The Rasmussen Reports daily Presidential Tracking Poll for Wednesday shows Mitt Romney attracting support from 50% of voters nationwide, while President Obama earns the vote from 46%. Two percent (2%) prefers some other candidate, and two percent (2%) are undecided.
This is the second straight day with Romney enjoying a 4-point advantage. Prior to that, with the exception of the convention bounces, neither candidate had led by more than three points for months. However, it is not clear whether this represents a lasting change in the race or is merely statistical noise. See daily tracking history.

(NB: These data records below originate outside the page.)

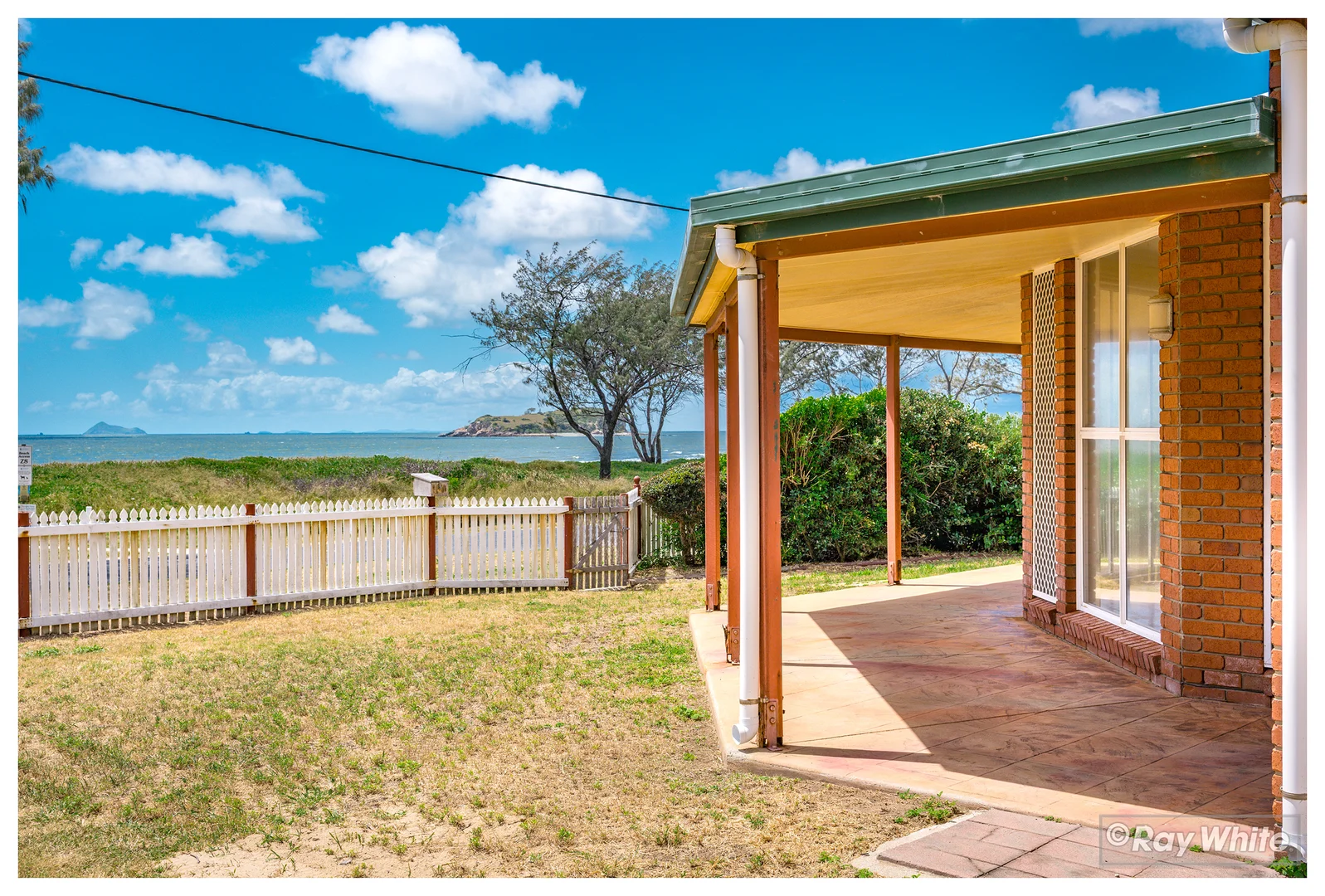 Additional image 32 of 14 Esplanade, Zilzie QLD 4710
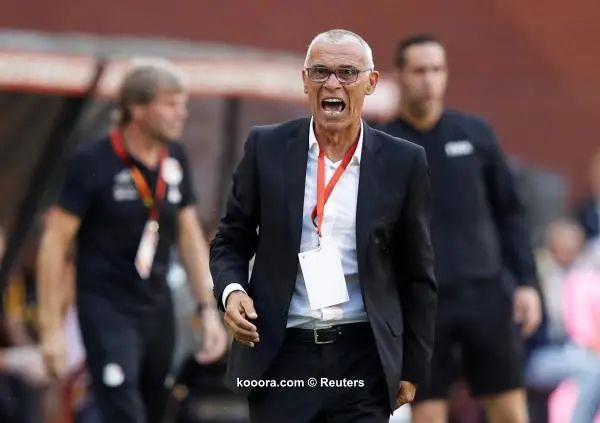 ?i=reuters%2f2018-06-06%2f2018-06-06t191632z_1300758850_rc16bc203720_rtrmadp_3_soccer-worldcup-bel-egy_reuters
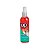 Loção Venezia Up Clean 120 ml - Imagem 1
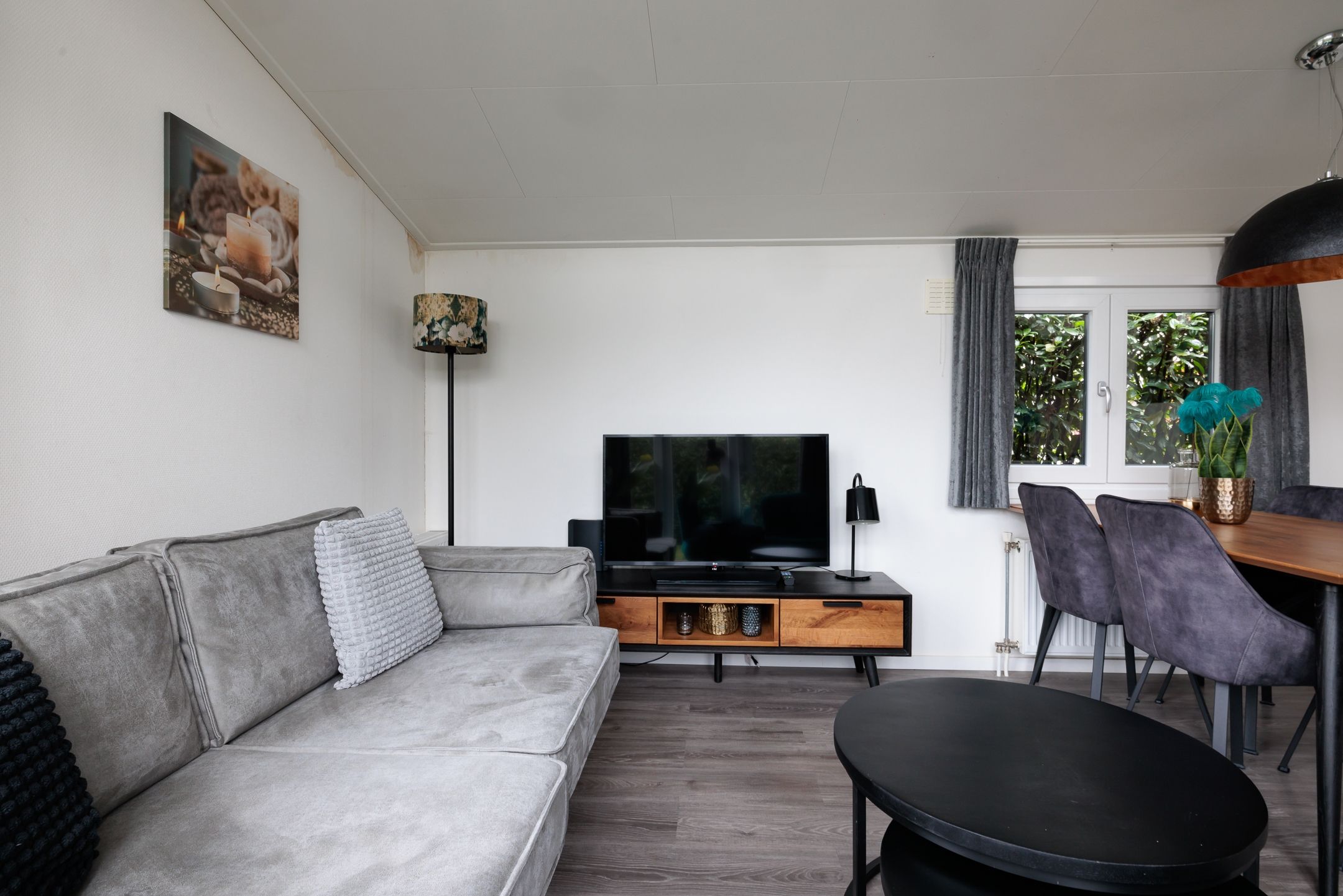 Foto 12 van Loverensestraat 11-B2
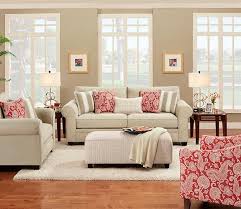 Home Furniture Decor Shop For Any Room By Brand Boscov S Zimmergestaltung Zimmer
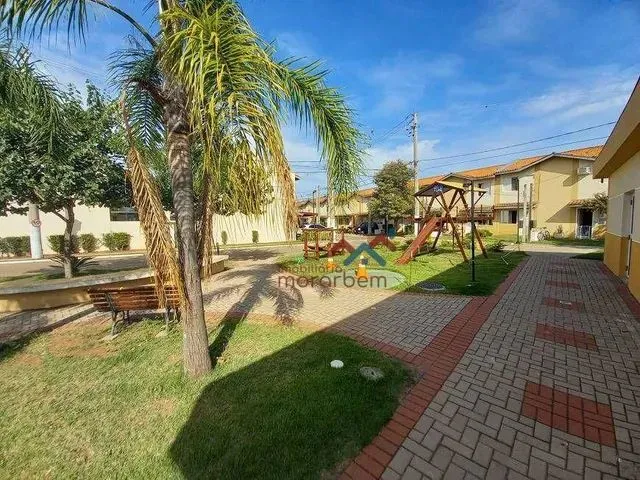Imagem 9: Casa com 2 Dormitórios À Venda, 80 M² por R$ 240.000,00 - Igara - Canoas/Rs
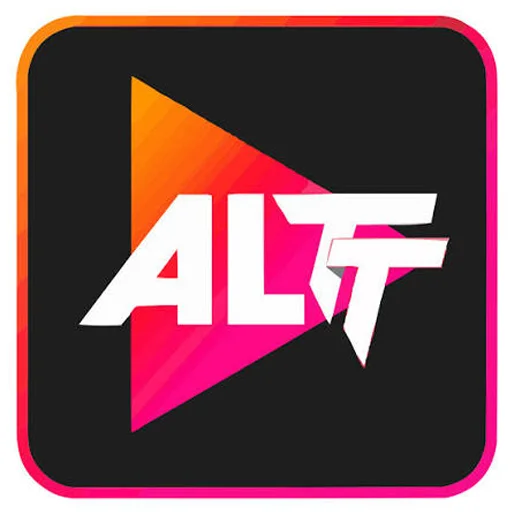 Download ALT Balaji MOD APK
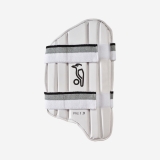 KB Pro 1.0 Thigh Guard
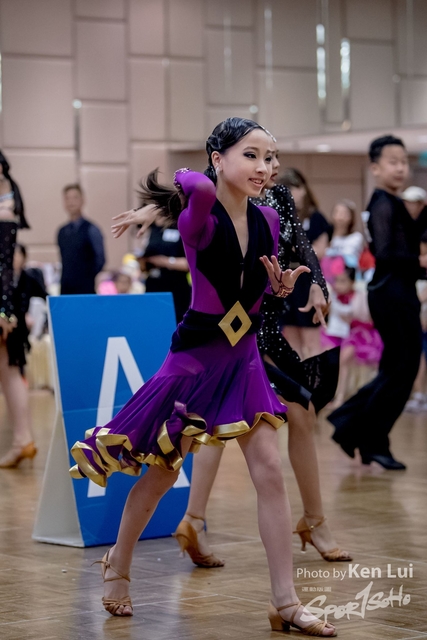20180624 Dance 1485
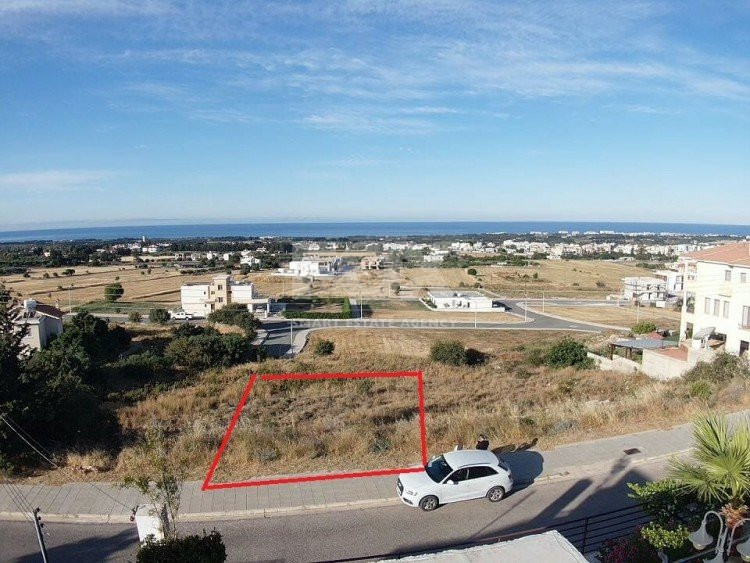 4 Bed House For Sale In Geroskipou Paphos Cyprus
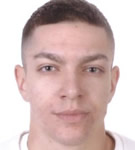 Efe Tecimer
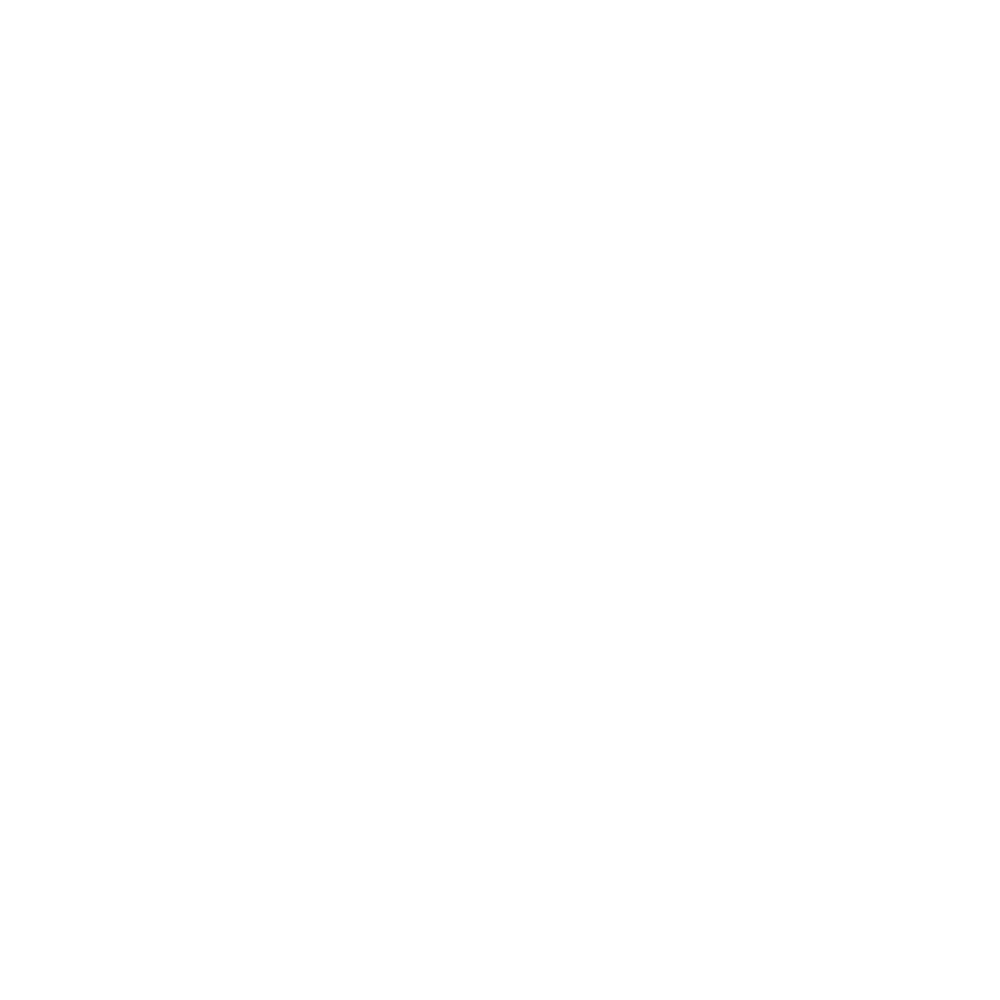 Mercedes_white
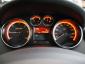 Peugeot 308, 2012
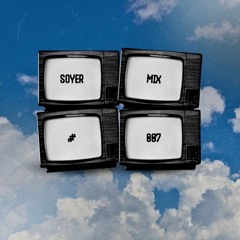 Soyer - Soyer mix #007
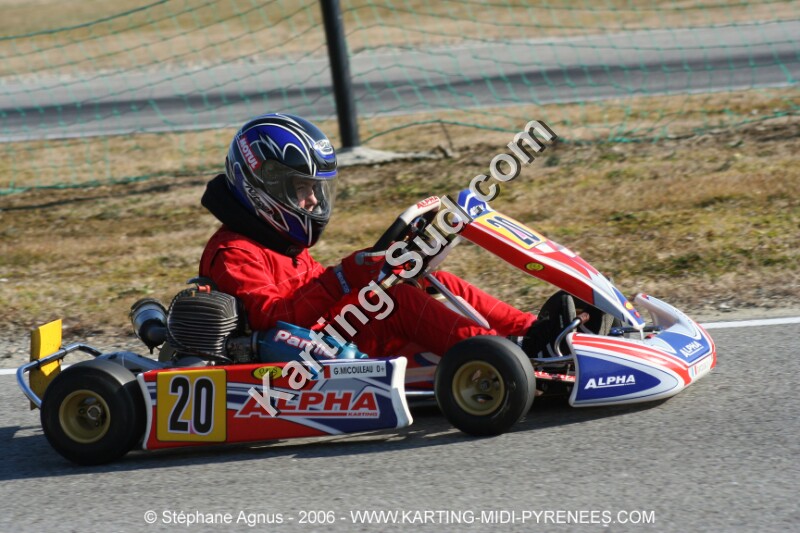 lavelanet_12022006 185.jpg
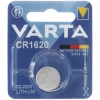 Батарейка Varta CR1620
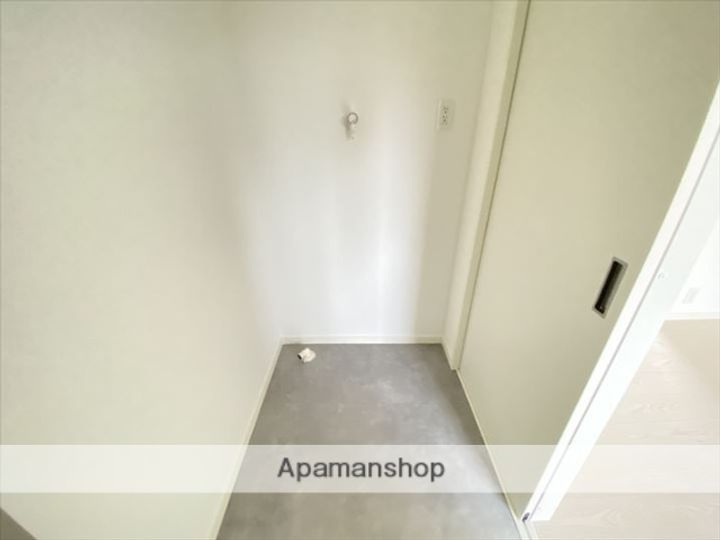 鳥取県境港市渡町の賃貸アパート102のその他画像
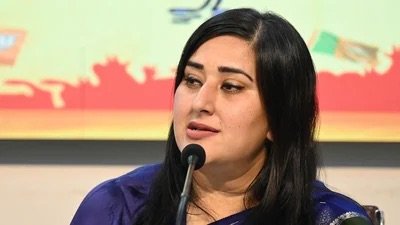 BJP Criticism and AAP’s Response: Examining the Enforcement Directorate’s Summons to Arvind Kejriwal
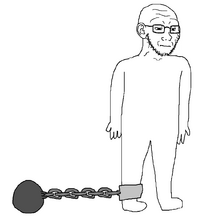 1735783272120.png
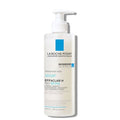LA ROCHE POSAY Effaclar H Iso-Biome Crema Lavante 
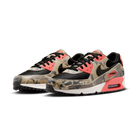 Nike Air Max 90 Premium Magic Ember Camo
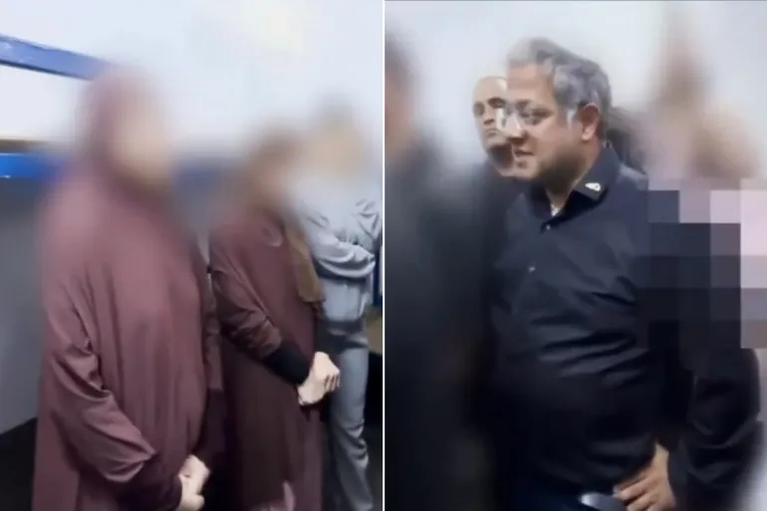 «هآرتس»: المستشارة القانونية لحكومة الاحتلال تمنع بن غفير من استغلال السجون في الدعاية الانتخابية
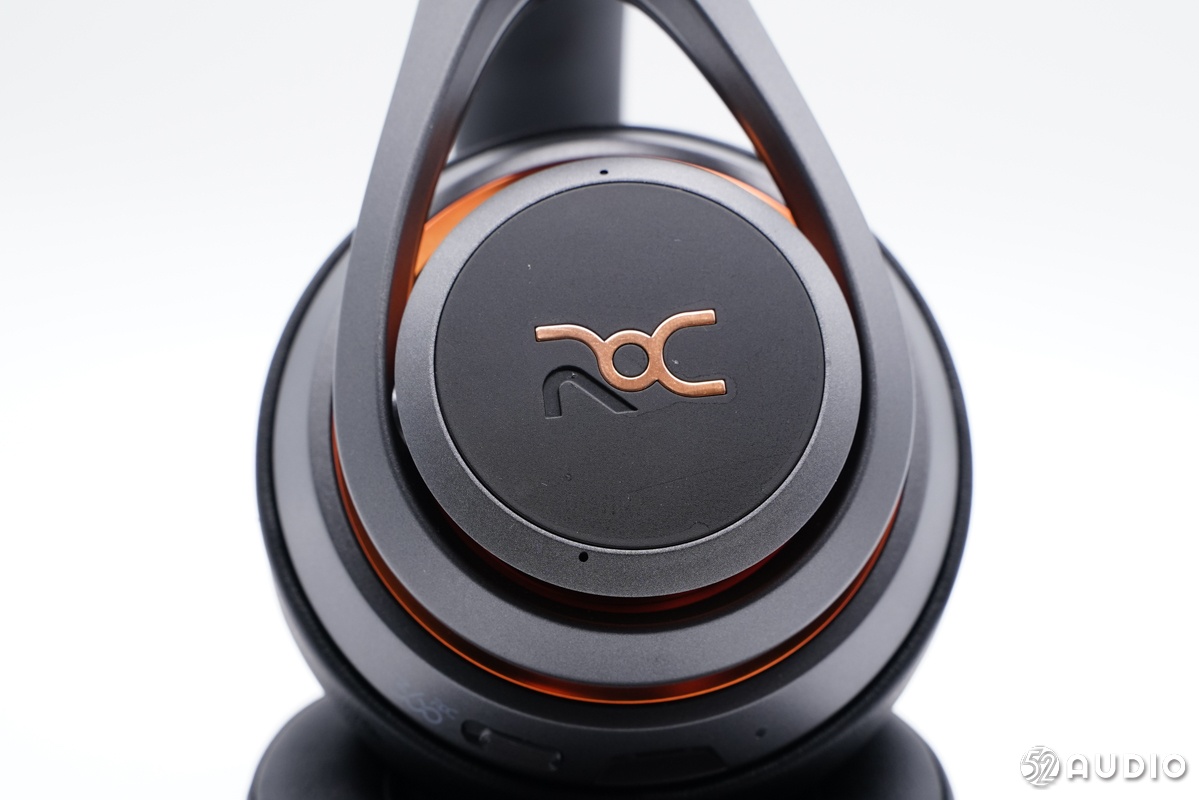 鐫垮搷rocmodelii鑴栨寕钃濈墮鑰虫満鎷嗚В,鎷嗚В鎶ュ憡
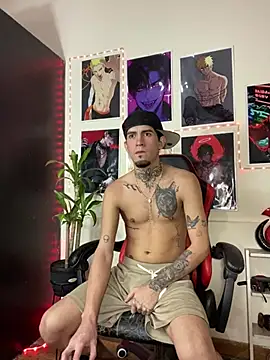 dilan abraham12 online show from 07.05.26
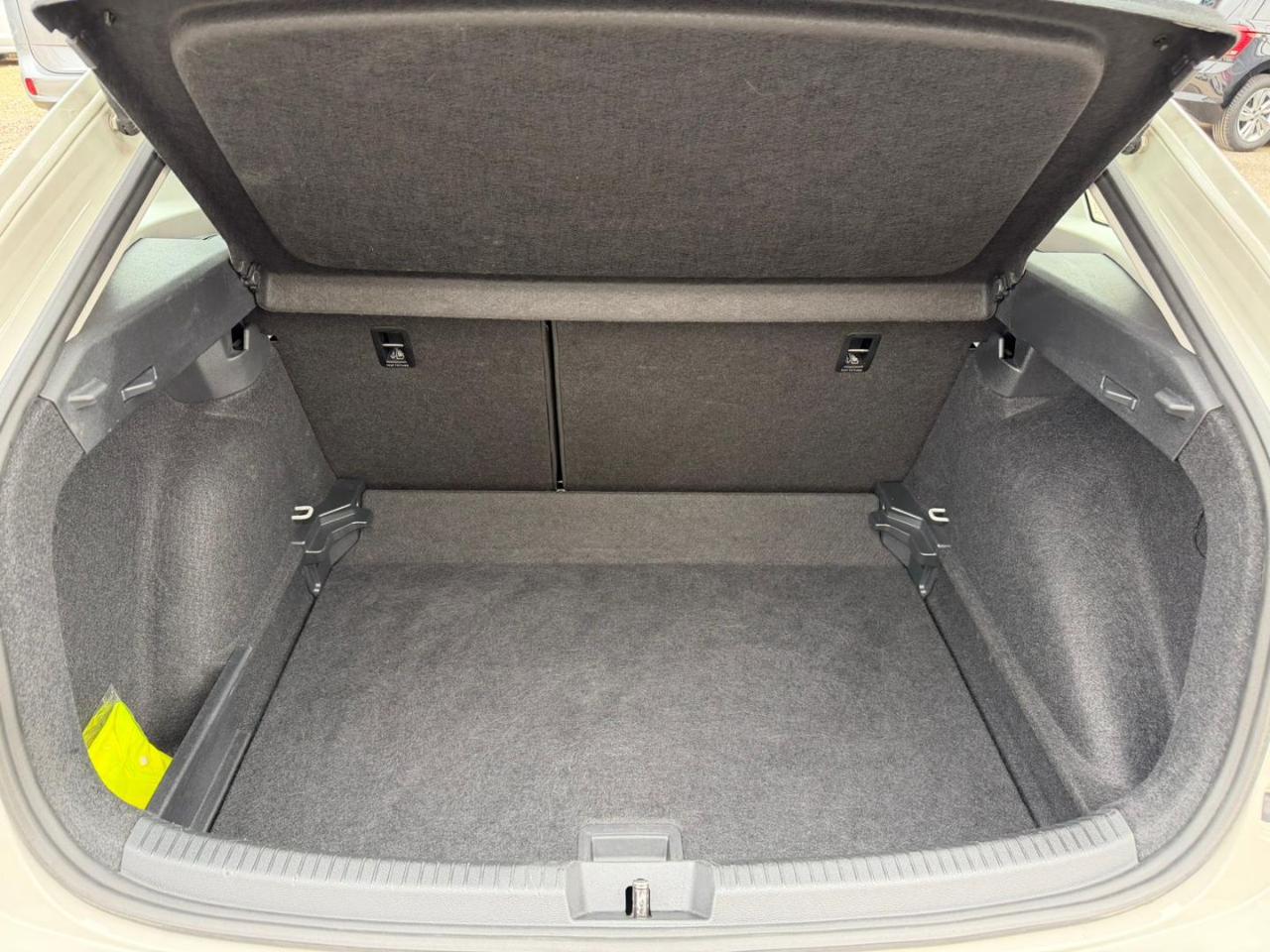 Volkswagen Taigo  1.0 TSI 115 CV DSG Life OK NEOPATENTATI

These updates are based upon nightly telephone interviews and reported on a three-day rolling average basis. As a result, approximately two-thirds of the interviews for today’s update were completed before the end of Monday night’s presidential debate. The single night of interviews conducted after the debate is similar to the two-point advantage Romney has enjoyed recently rather than the current four-point spread. As always, caution should be used when interpreting a single night of data in a tracking poll. Friday morning will be the first update based entirely upon interviews conducted after the final debate.
What I like about Rasmussen is how calm and professional he is. He's warning us that Romney's advantage may dip a point or so if more voters perceived that Obama won the debate.
But here is something very dramatic from Ras:
In Ohio, the race is now tied at 48%. Romney is trusted more than Obama on economic issues and energy policy, while Obama has the edge on national security. The president has a 10-point advantage among those who have already voted.
I don't know how many have already voted, and why Obama would have such an edge in this group. It may have to do with demographics. But if the race is tied overall, that is very good news for Romney. I believe a tie means a Romney victory, simply because his voters are so much more energized, and will actually vote.
Ohio is very tight, obviously, and voter fraud may turn out to be a major issue there. We'll have more on that tomorrow.
Obama has gained a bit in job approval, at least in the Rasmussen survey:
A president’s job approval rating is one of the best indicators for assessing his chances of reelection. Typically, the president’s job approval rating on Election Day will be close to the share of the vote he receives. Currently, 49% of voters say they at least somewhat approve of the president's job performance. Forty-nine percent (49%) at least somewhat disapprove.
COMMENT: The good news is that voter preference polls are going in Romney's direction, although the pace of the advance has slowed. This is now a day-by-day race. A few points in one state can decide the election.